→ EXERCISE AIM
Output, word for word, the lines of this listing that fall between the line with "а 10 с: Hyundai" and the line with "站在花篮旁边的可爱幼儿", counting both of those lines, and no others.

→ DATA FOR THIS EXERCISE
────

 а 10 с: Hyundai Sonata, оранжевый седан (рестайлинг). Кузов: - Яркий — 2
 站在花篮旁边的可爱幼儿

────

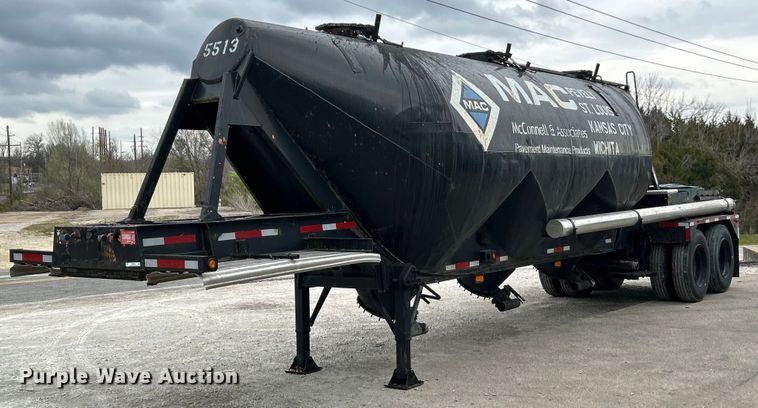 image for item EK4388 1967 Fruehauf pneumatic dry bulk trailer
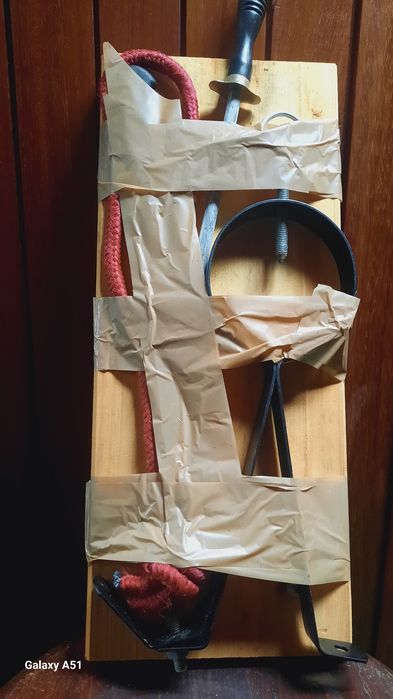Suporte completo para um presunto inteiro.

────

→ RESULT
 а 10 с: Hyundai Sonata, оранжевый седан (рестайлинг). Кузов: - Яркий — 2
 站在花篮旁边的可爱幼儿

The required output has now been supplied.